Alongside the bodies, the photos show liberating American soldiers in uniform. Some of the photos were taken at Ohrdruf, which was part of the Buchenwald camp network and was captured by the Americans on April 4, 1945, making it the first camp liberated by American forces.

soldier concentration camp
Courtesy of Bild

The photos received by Bild had been in private hands for 66 years. Some of them were published by Bild yesterday to mark International Holocaust Remembrance Day, the anniversary of the liberation of Auschwitz. The German daily agreed to provide them to Haaretz as well.

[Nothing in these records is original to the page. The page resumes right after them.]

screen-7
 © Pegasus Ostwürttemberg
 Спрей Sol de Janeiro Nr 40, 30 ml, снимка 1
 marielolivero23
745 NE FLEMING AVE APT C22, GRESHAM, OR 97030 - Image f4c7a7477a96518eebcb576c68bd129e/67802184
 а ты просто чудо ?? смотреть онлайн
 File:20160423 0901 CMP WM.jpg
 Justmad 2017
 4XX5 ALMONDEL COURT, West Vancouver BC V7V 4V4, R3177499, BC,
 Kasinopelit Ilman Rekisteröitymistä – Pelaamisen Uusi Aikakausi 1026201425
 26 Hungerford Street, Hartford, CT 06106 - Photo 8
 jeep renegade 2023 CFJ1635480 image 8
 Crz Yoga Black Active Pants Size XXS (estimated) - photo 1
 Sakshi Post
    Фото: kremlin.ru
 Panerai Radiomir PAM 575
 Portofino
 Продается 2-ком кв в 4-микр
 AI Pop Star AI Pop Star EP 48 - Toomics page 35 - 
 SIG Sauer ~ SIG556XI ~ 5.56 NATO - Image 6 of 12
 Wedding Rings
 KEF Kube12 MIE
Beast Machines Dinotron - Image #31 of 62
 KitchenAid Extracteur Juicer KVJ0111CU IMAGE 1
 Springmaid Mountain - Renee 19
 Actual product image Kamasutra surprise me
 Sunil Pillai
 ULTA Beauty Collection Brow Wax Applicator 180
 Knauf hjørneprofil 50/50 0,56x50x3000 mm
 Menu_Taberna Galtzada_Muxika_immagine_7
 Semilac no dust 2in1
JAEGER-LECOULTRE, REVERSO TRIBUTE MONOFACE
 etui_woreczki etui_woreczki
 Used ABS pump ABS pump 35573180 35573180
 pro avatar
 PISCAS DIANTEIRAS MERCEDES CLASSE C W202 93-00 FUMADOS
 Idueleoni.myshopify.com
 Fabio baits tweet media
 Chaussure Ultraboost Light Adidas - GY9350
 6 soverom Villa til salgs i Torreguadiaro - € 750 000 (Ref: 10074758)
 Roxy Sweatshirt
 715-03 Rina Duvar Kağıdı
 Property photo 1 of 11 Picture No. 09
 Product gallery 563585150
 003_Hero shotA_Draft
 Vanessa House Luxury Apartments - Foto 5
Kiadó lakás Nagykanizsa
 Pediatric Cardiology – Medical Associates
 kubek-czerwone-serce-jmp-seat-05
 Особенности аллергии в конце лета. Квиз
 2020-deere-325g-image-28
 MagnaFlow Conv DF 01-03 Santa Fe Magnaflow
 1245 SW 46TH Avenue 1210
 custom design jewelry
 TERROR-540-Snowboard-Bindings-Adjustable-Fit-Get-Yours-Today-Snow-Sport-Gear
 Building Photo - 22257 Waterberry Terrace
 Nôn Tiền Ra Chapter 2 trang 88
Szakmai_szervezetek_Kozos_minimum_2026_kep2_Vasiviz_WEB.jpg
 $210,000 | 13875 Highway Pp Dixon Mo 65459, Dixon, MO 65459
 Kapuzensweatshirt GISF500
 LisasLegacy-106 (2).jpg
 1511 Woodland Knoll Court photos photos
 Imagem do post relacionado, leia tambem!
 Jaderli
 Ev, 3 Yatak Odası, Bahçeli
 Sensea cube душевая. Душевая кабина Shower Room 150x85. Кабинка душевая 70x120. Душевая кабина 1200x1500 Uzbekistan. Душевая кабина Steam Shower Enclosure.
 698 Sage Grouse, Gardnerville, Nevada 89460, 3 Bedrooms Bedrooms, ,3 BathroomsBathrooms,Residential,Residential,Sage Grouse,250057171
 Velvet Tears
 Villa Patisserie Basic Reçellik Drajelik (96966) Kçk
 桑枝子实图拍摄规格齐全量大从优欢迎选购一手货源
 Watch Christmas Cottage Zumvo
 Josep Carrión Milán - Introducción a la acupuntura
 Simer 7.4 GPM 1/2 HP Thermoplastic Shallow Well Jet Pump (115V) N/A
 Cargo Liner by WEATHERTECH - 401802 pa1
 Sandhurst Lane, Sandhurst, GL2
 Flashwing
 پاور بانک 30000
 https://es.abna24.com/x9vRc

The photos were taken by U.S. soldiers who sought to document the scenes of horror to which they were witness. They sent the film for development through a store in the nearby town of Weimar. A young employee at the shop made an additional copy of the photos and kept them.

They remained in her possession for the next 66 years and after her death became part of her estate. They recently come into the possession of another individual, who gave them to the German newspaper.

The Buchenwald concentration camp functioned from 1937 until 1945, during which about a quarter million people passed through the camp on the way to death camps. About 65,000 people, however, perished at Buchenwald itself. The detainees at the camp included Israel’s former chief rabbi and the current chief rabbi of Tel Aviv, Israel Meir Lau, as well as writer Elie Wiesel and journalist Jean Amery.

The nearby Ohrdruf sub-camp was established in November of 1944 near the central German town of Gotha to house a workforce of prisoners involved in railroad construction. In late March 1945, there were about 12,000 prisoners there, but most were sent by the German SS on a death march to Buchenwald itself. Those who were too weak to leave the camp were killed immediately.

When American forces entered Ohrdruf on the afternoon of April 4, 1945, they found about 70 bodies, at which time some of the photos now being released were filmed. Some bodies had been covered by the Nazis with lime. Others had been burned.